A new year of action seems to be dawning, especially for Cosatu, the South African Communist Party and the new leadership of the ANC, all of which overlap. They are gearing themselves up for mass mobilisation to demand the implementation of “pro-poor” policies, with the immediate focus being on the price of bread.

Ironically, perhaps understandably, given the furore that surrounded the recent price fixing scandal, the price of bread has decreased sharply over the past six weeks. The price of a standard white loaf, sliced and wrapped, has fallen 24.6 per cent from R5.95 to R4.49.

It may be coincidental, but over the same period, and following a row over the retail margins on milk, a litre of milk has come down from R6.99 to R6.49, a 7.2 per cent decrease. But such recent lowering of these prices is unlikely to mollify the unions, their political allies or consumer groups.

This month, for example, the millers and bakers — often the same vertically linked enterprises — are threatening a 30 per cent rise in the bread price because of the increase in the price of wheat. However, even with the recent drop in price, the same loaf of bread still costs 12.5 per cent more than it did in June last year when this column began the monthly monitoring of a basket of basic food items.

For consistency, prices monitored are for the same brands (starting with the cheapest in June 2007) at roughly the same time in the same supermarket each month. The store, being a leading chain in an urban area, can be assumed to feature prices lower than most townships or rural areas.

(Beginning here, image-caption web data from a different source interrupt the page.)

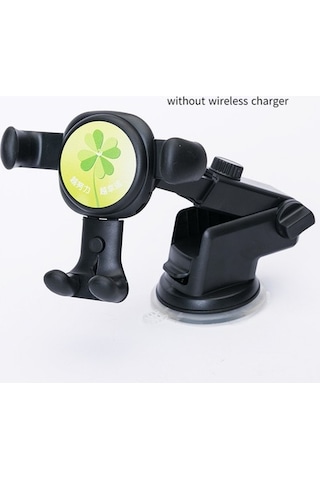 Wisdomselect Kablosuz Araç Şarj Cihazı, Vantuzlu Kontrol Paneli Teleskopik Braketi - Kablosuz Şarj Cihazı Olmayan Yonca Vantuzlu Pekoyz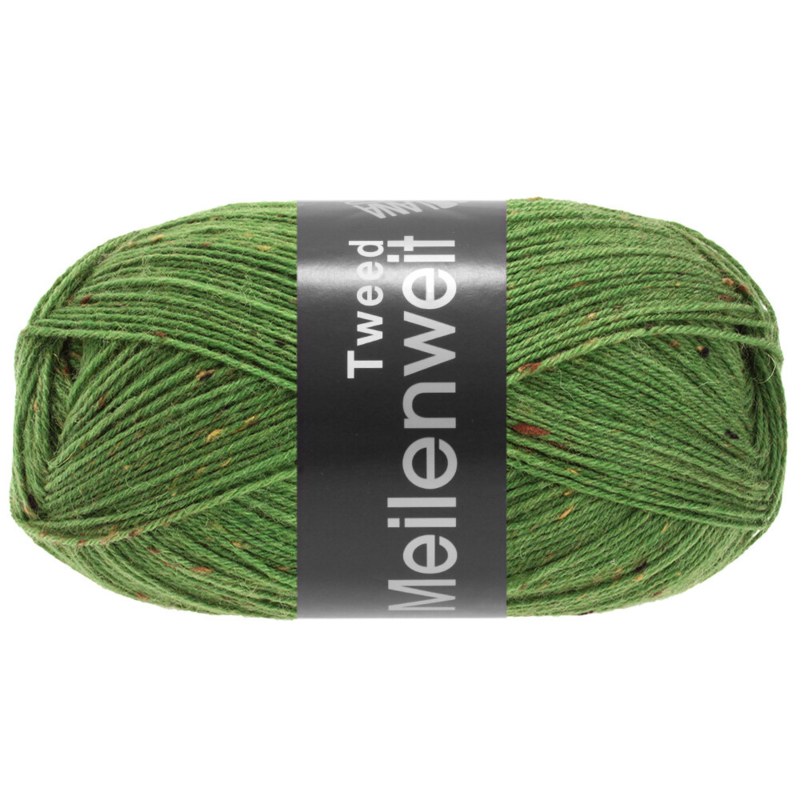 Lana Grossa Meilenweit 100 Tweed 165 Vert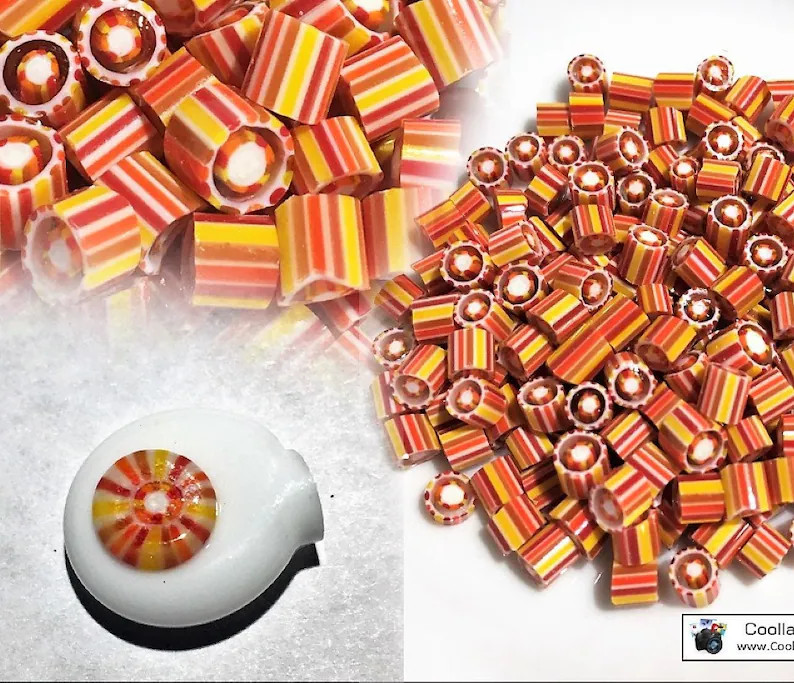 Florida Sunshine - COE104 Murrini Murrine Millefiore - Etsy | Etsy (US)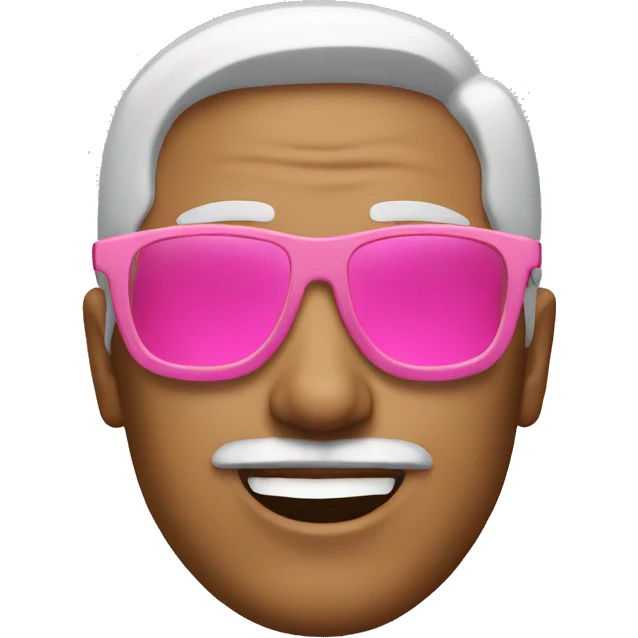 Man with pink sunglasses emoji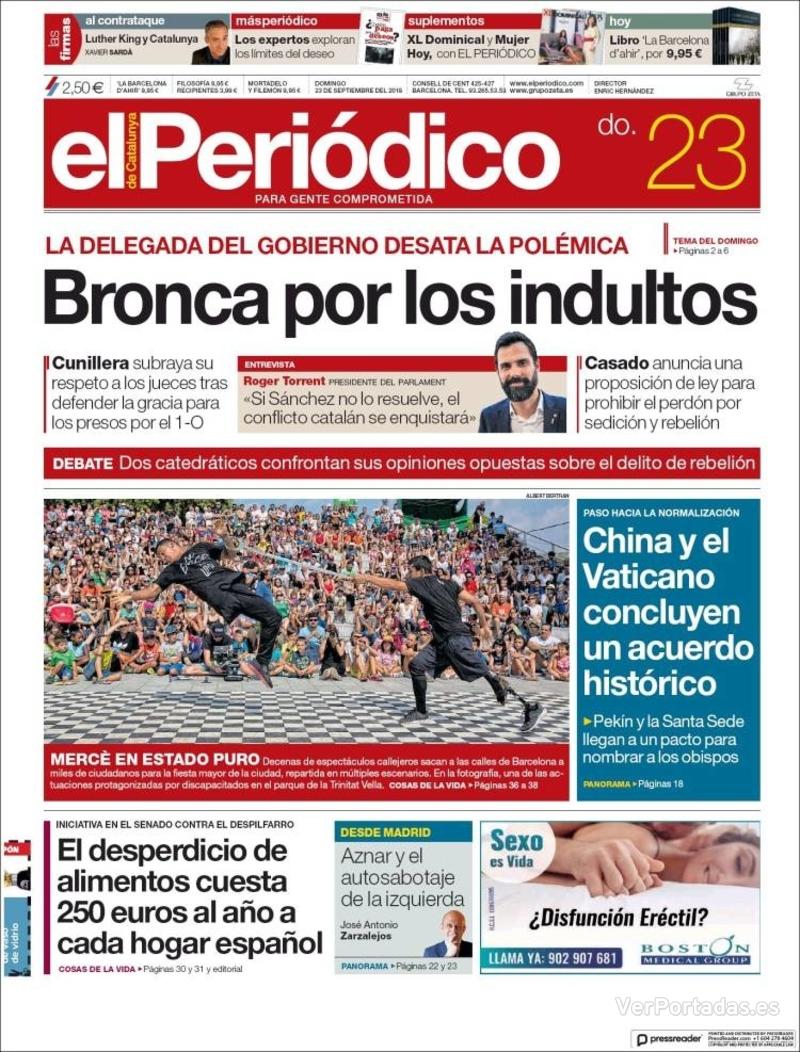 Portada El Periódico 2018-09-24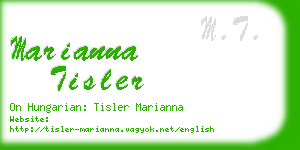 marianna tisler business card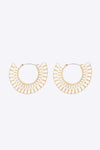 18K Gold-Plated Cutout Earrings Gold One Size Earrings - Tophatter Daily Deals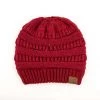 TEN Dollar Boutique Accessories Burgundy Sequin Messy Bun Beanie 2 TEN Dollar Boutique Accessories Burgundy Sequin Messy Bun Beanie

Over the eight-month monitoring period, the price of milk increased by a hefty 39.5 per cent, from R4.65 per litre to R6.49, having reached a peak price of R6.99 in November. But the largest increase recorded over the past month and over the eight month period, is for that essential: cooking oil. Back in June, a 750 ml bottle of oil cost R7.49, while two litres cost R17.99. This month, the prices were, respectively, R10.75 and R26.75, making for percentage rises of over the whole period of 43 per cent and 48.7 per cent.

Whole chicken, which increased in price in the run-up to Christmas, is now cheaper per kilo by 6.7 per cent, while a 2.5kg bag of the staple, mealie meal, is up by 15 per cent over the past month. It is now proportionately cheaper to buy the 1kg bag,, which has retained its R4.45 price tag.

The price of a block of margarine, which increased over the past month by 9.4 per cent, to R5.35, still shows a 33 per cent decline from the R7.99 charged in June last year.

What this means overall, is that basic food prices have risen by 4.5 per cent over December and by more than 18 per cent in the past eight months. This amounts to a significant reduction in the standard of living for most of the working population and not only what the unions call the working poor, the lowest paid employees.

This fact, coupled with the impression that bread and milk prices declined following fairly widespread protests is likely to encourage the planned mass mobilisation campaigns. However, many of the prices are subject to pressures beyond the desire for greater profits.

The oil price and the consequent increase in the cost of liquid fuels and, therefore, transport, is a major factor. What this should do, is also increase the demand already made by Cosatu, for the nationalisation of Sasol.

When this fuel-from-coal entity was in public hands and the oil price was around $10 a barrel, Sasol, producing at perhaps $30 a barrel equivalent, was heavily subsidised by the same taxpayer constituency who are now paying most heavily for fuel price hikes. Only when Sasol became profitable in 1979 was it privatised.

Now, with more efficient technology Sasol — it produces roughly 40 per cent of the country’s liquid fuel requirements — probably makes fuel at an oil cost equivalent of R26 a barrel, making it hugely profitable. The argument that such benefit should accrue to the public at large and not to private shareholders is a strong one and seems certain to be made.

It appears to make more sense than mobilising simply to demand price reductions in the face of global market realities.